El fútbol cubre está función en el ámbito de las masas. El estadio es un vomitorio de agresividad social. A través de las patadas de los jugadores, del tenso ejercicio de confrontación física reglamentada que es un partido de fútbol, se proyectan fantasías y se derrotan fantasmas que por otras vías podrían conducir a batallas feroces. En la grada, personas de orden y reputación sueltan sin miramientos los demonios que llevan dentro, evitando quizá que éstos vayan directamente al rostro de la mujer, de un hijo o de un empleado. De modo que grandes cantidades de violencia potencial latentes en la sociedad se desbravan entre los muros del estadio, para que el lunes por la mañana la vida siga rodando razonablemente.

Naturalmente, en un espacio destinado a descargar las pulsiones violentas, la violencia está siempre latente. Y no es de extrañar que de pronto se generen torbellinos que provoquen la explosión de ésta; es decir, el paso de la representación y de la palabra a la acción violenta. Es lo que ocurrió, por ejemplo, en Montjuïc con ocasión del derby catalán. Obviamente, es obligación de las autoridades encontrar las fórmulas de control necesario para evitar las explosiones de violencia y para que el fútbol pueda seguir cumpliendo la función que se le ha encomendado. De ahí la cadena de responsabilidades contraídas por quienes debían garantizar el orden. Pero la primera condición para que se puedan corregir estas disfunciones es asumir la verdad del fenómeno y no querer encubrirla con mojigatos discursos edulcorantes.

El fútbol ha desarrollado conatos de literatura de la exaltación del arte y del genio de los futbolistas.

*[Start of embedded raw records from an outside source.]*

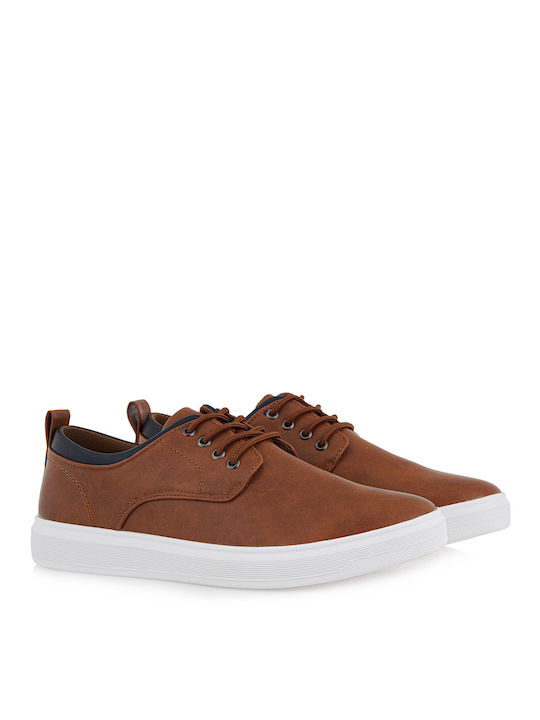 JK London Men's Synthetic Leather Casual Shoes Tabac Brown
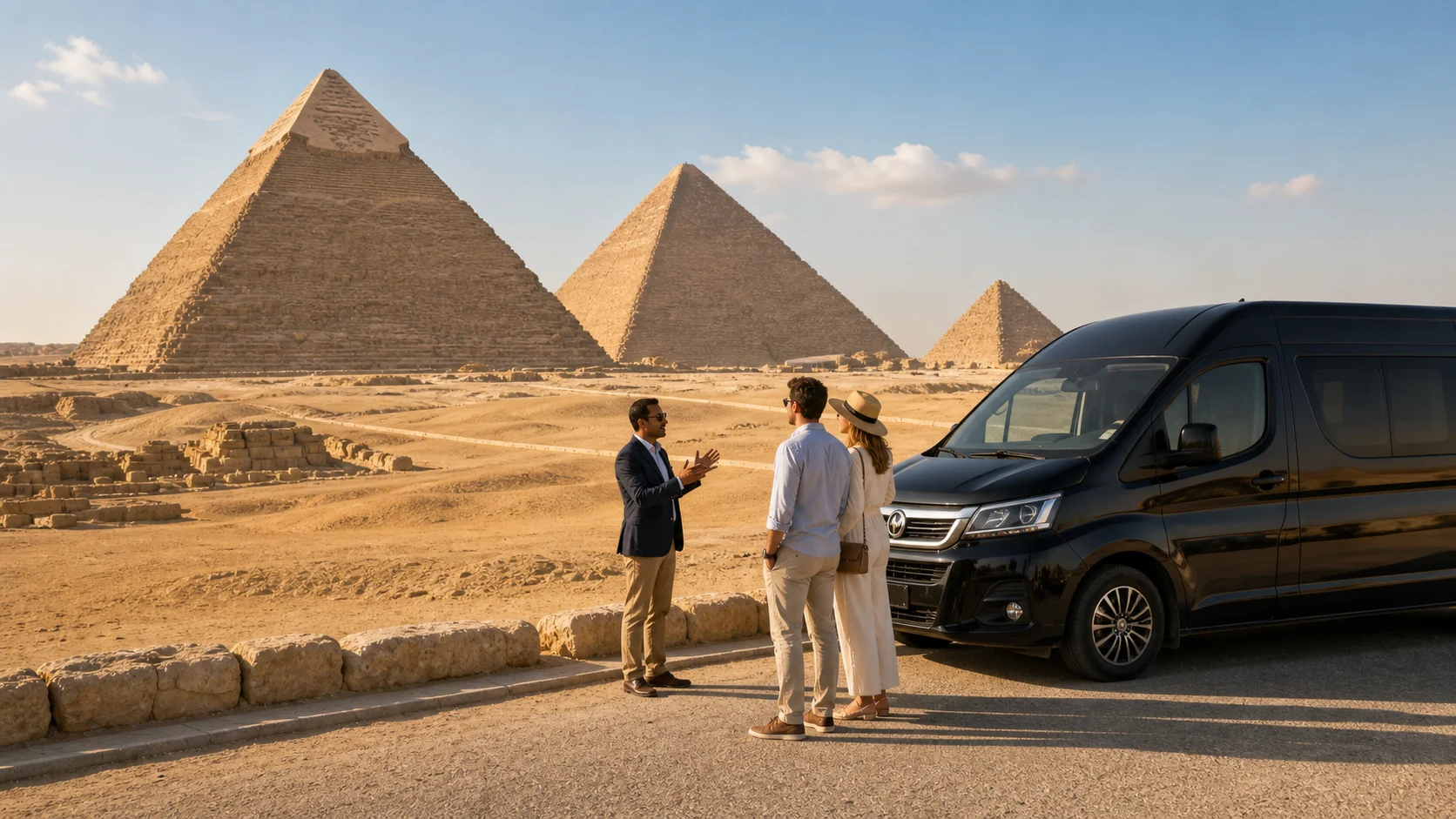 Guests arriving with their guide at the Giza Pyramids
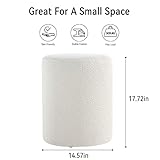 Get Set Style Modern Round Ottoman with Soft Padded Seat, Multifunctional Vanity Chairs for Makeup, Upholstered Footrest Stool Ottoman Foot Stool for Living Room, Bedroom, boucle, White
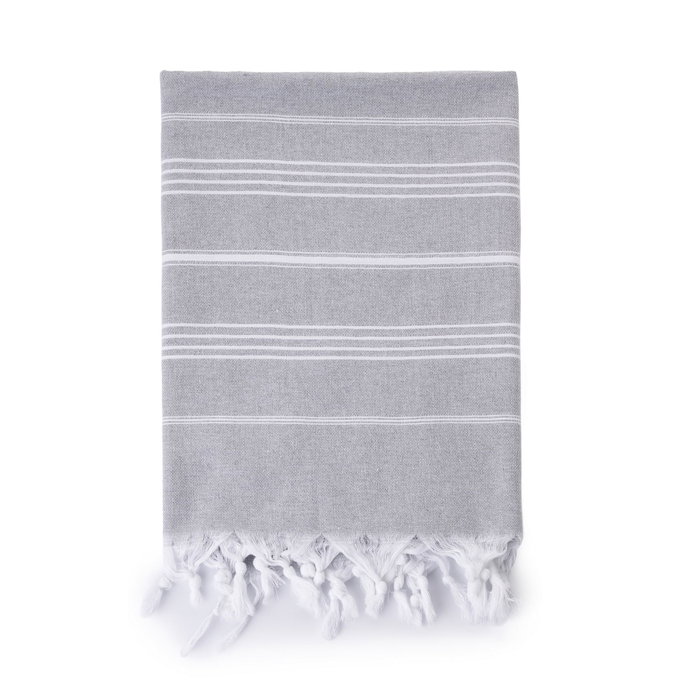 Mijolnir Toalla de playa Fouta Gris claro y blanco, 80 x 170 cm Mijolnir Toalla de playa Fouta Gris claro y blanco, 80 x 170 cm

Es un modo como otro de dignificar el ritual y, por tanto, de contribuir a que sea más eficaz en la función de sublimación de la violencia que le corresponde. Pero de ahí a la construcción de un discurso sobre el fútbol como prolongación de los jardines de infancia va un abismo. El espectáculo futbolístico contiene la violencia por cuatro vías: por los intereses en disputa, por la violencia física del propio juego, por lo que tiene de confrontación simbólica entre dos ejércitos enemigos (en la que los nacionalismos, el español, por ejemplo, en la última Eurocopa, hacen su agosto) y por lo que la grada aporta como violencia desplazada desde la calle. Por tanto, hay que saber que en el fútbol la violencia está a flor de piel. Y no hay que escandalizarse cuando estalla. Y menos en un país como España que ha convertido la expresión a por ellos en eslogan nacional futbolístico. Al fin y al cabo, lo que hicieron los Boixos Nois en Montjuïc fue simple y llanamente esto: ir a por ellos.